EXERCISE MATERIALS:
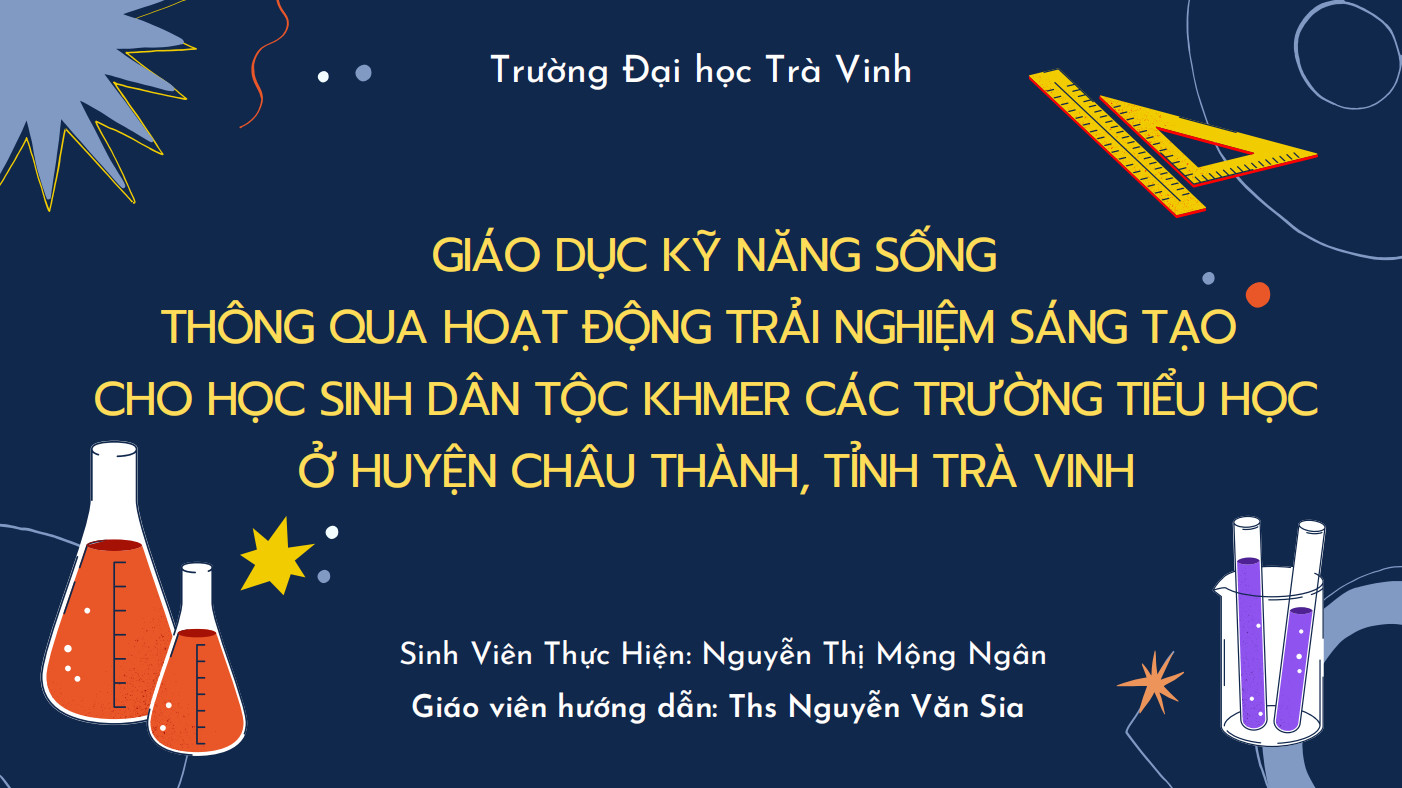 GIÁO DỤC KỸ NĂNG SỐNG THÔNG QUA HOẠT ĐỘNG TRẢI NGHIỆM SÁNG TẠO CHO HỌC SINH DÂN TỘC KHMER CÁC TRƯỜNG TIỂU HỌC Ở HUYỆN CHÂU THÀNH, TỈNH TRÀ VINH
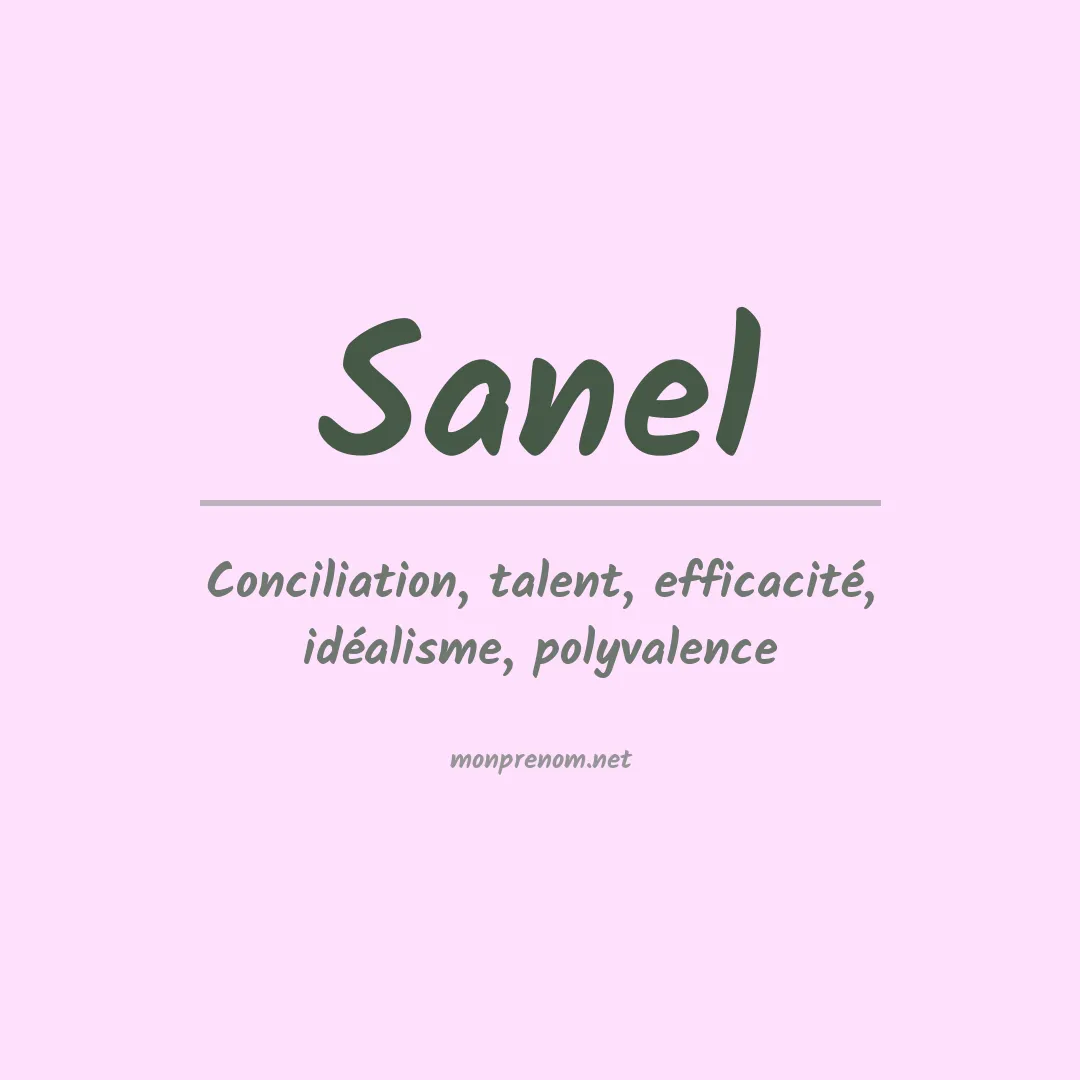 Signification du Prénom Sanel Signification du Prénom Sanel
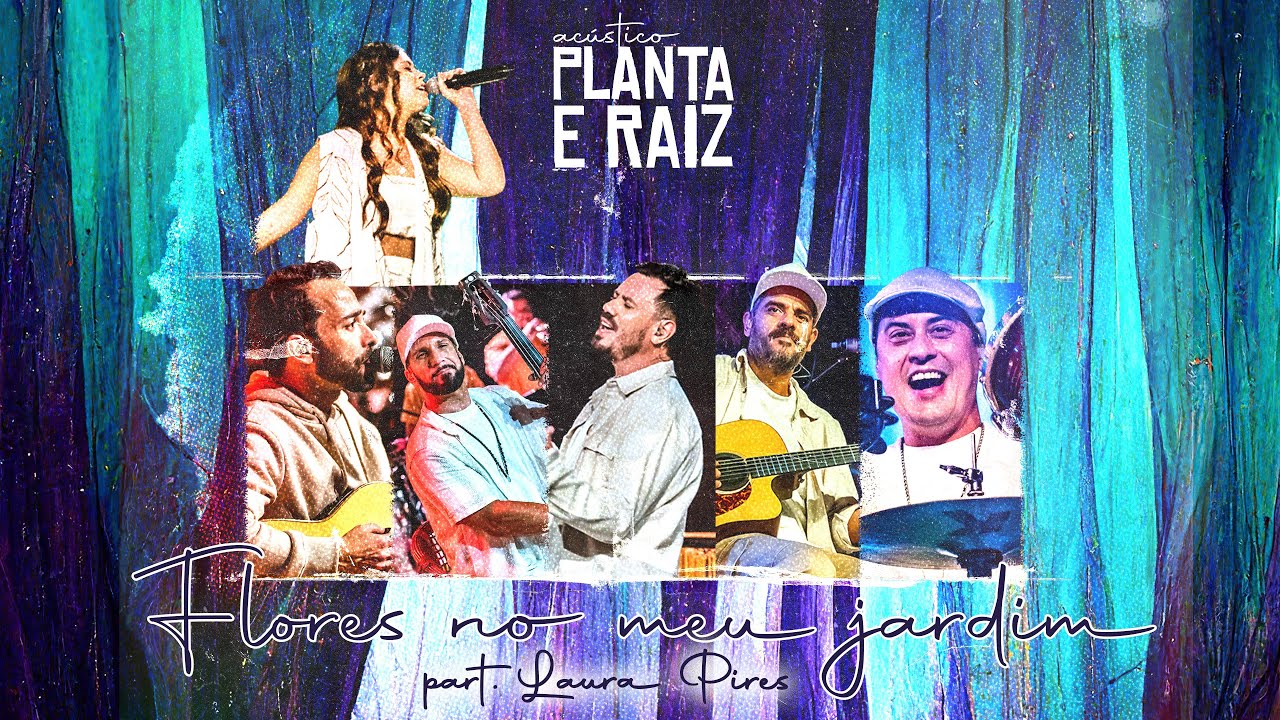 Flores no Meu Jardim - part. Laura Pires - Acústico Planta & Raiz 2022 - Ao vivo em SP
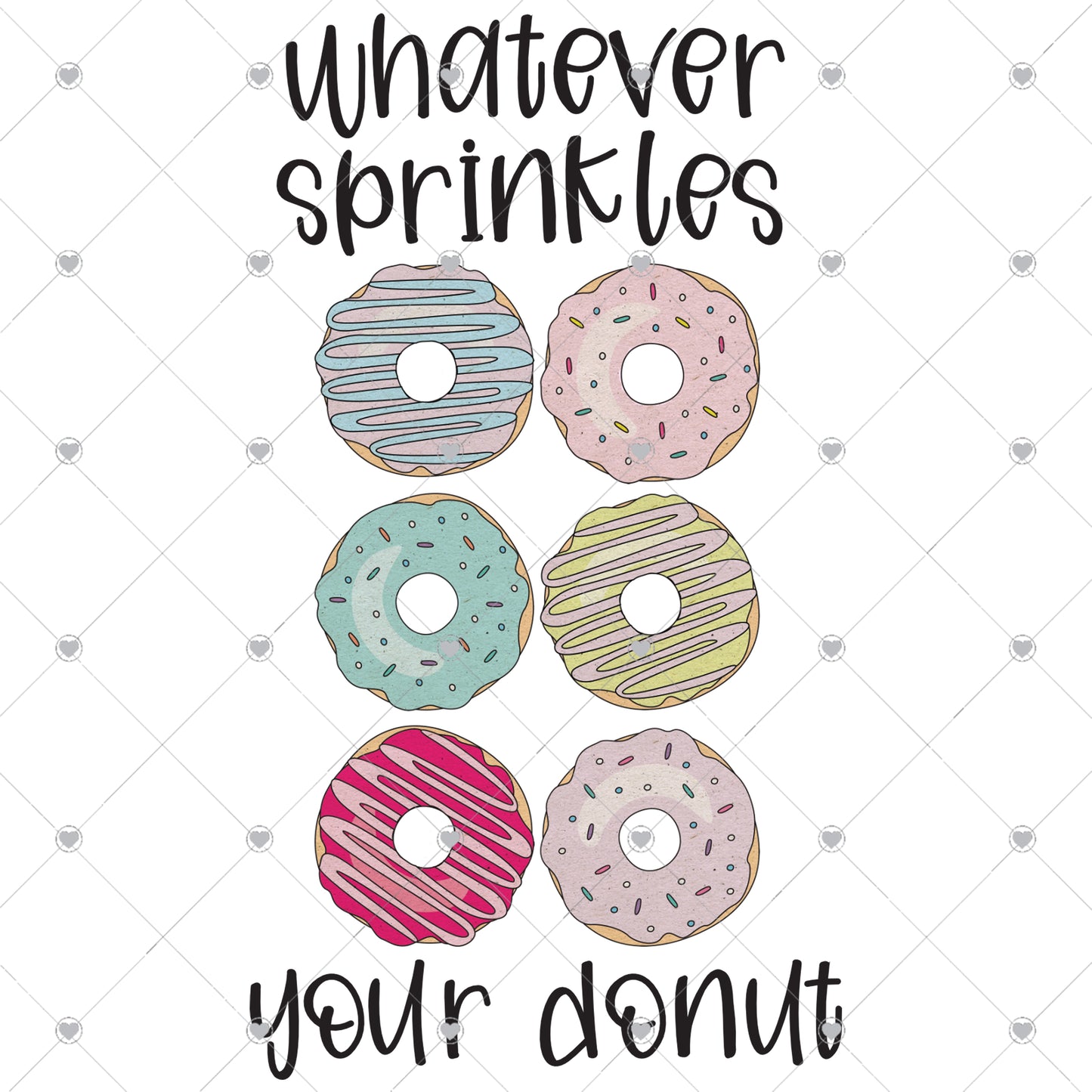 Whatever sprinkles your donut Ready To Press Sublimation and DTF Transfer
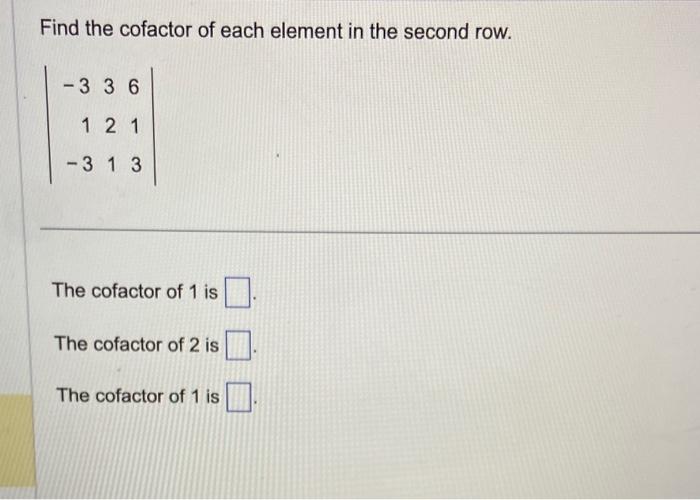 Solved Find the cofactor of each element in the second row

YOUR OBJECTIVE:
Exactly repeat the material from its first line through the line with "Whatever sprinkles your", including both, and leave the pictures and everything else out.

RESPONSE:
 GIÁO DỤC KỸ NĂNG SỐNG THÔNG QUA HOẠT ĐỘNG TRẢI NGHIỆM SÁNG TẠO CHO HỌC SINH DÂN TỘC KHMER CÁC TRƯỜNG TIỂU HỌC Ở HUYỆN CHÂU THÀNH, TỈNH TRÀ VINH
 Signification du Prénom Sanel Signification du Prénom Sanel
 Flores no Meu Jardim - part. Laura Pires - Acústico Planta & Raiz 2022 - Ao vivo em SP
 Whatever sprinkles your donut Ready To Press Sublimation and DTF Transfer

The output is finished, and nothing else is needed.